A much sophisticated config can be provided, which can run during a specific time window without disrupting a production environment using the podsScenarios and nodeScenarios mentioned in the previous section. All the metrics can be easily ported to prometheus and users can specify alerts to have control over chaos tests.

Grafana Visualization — PowerfulsSeal Activity

Users can make use of other different opensource tools along with all available chaos engineering tools to extend the functionalities. Below are some of the applications that can be used along with Powerfulseal to broaden the test matrix.

Goldpinger

Goldpinger is a debugging tool for Kubernetes which tests and displays connectivity between nodes in the cluster. Users can use Goldpinger along with Powerfulseal to check and gather metrics for nodeScenarios. An example would be if user wants to test HA of an application running across a distributed cluster, with Powerfulseal’s nodeScenarios user can kill a process or shutdown a node during a specific period of time and gather metrics from Goldpinger which constantly monitors the nodes.

Goldpinger makes calls between its instances for visibility and alerting.

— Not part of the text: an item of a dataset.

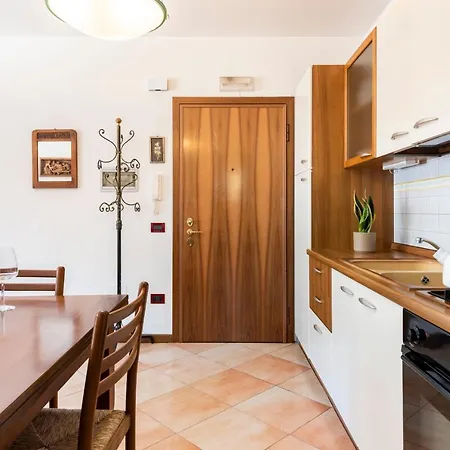Minerva's House + Private Parking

It runs as a DaemonSet on Kubernetes and produces Prometheus metrics that can be scraped, visualized and alerted on.

GoldPinger

Goldpinger runs as a kubernetes pod and gathers the nodes reaching kubernetes-api.

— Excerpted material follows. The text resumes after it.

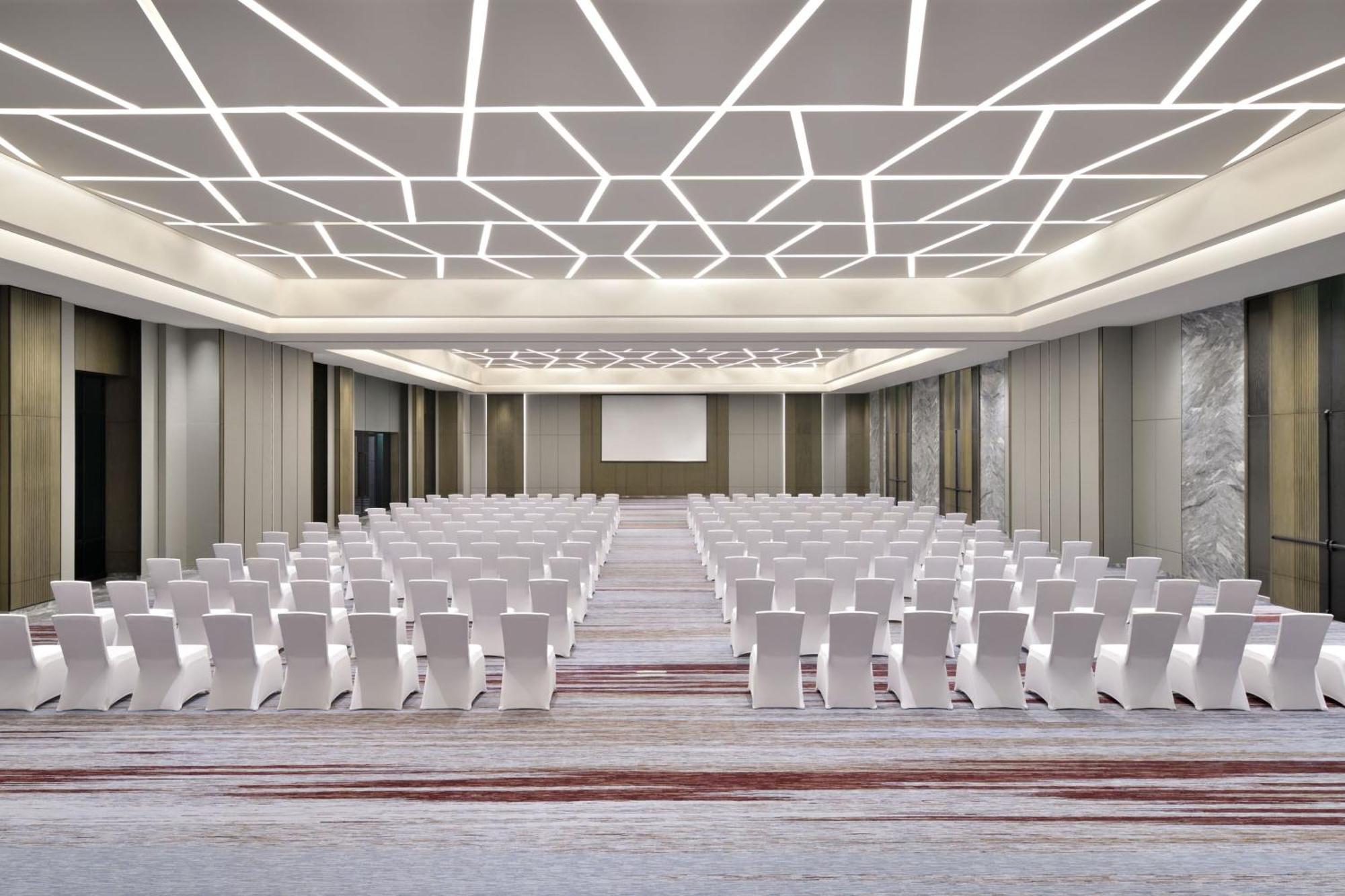 Courtyard By Marriott Gorakhpur Hotel Buitenkant foto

Status metrics can be ported to prometheus for visualization as shown below:

Goldpinger Visualization
Goldpinger Visualization

Locust

Locust is a distributed load testing tool which enables users to run load tests on distributed deployments. Locust supports a distributed mode (one master and multiple slave nodes).

Locust runs on Kubernetes as a daemonset:

A sample use-case would be, if a user have a large three tier application architecture running on Kubernetes with multiple replicas and user is interested in doing a load test on the webservers under a faulty condition where some of the replicas go bad which provides users to estimate how hard their application can withstand a disaster scenario. Here Powerfulseal kills the pods and nodes and Locust constantly performs the load test based on the number of users to simulate and spawns .

For example, taking an application with client and application architecture. Locust can distribute requests to the /login and /metrics target paths. There are many load generation software packages available, including JMeter, Gatling, and Tsung — any one of which might better suit your project’s needs.

Configuration can be provided as a config-map to the container running on kubernetes:

data:
locustfile.py: |
from locust import HttpLocust, TaskSet, task

    class UserTasks(TaskSet):
        @task
def index(self):
self.client.get("/")
        @task
def stats(self):
self.client.get("/stats/requests")

    class WebsiteUser(HttpLocust):
task_set = UserTasks
and attacker target can be provided using the configuration:
ATTACKED_HOST: http://locust-master:8089
Load Testing with Locust
Locust Load Tests Visualization

Building the most effective system requires experimentation. Chaos engineering allows users to run specific scenarios that could happen at any time while a product or service is live. Gaining insight into system problems before-hand also creates a better production environment. Systems design is an another aspect that can be profited by Choas engineering as users will get enough data how a fault-tolerant system should look like. Everyone will know what to look for in the future, and what systems might be vulnerable. So chaos is not bad in all aspects!!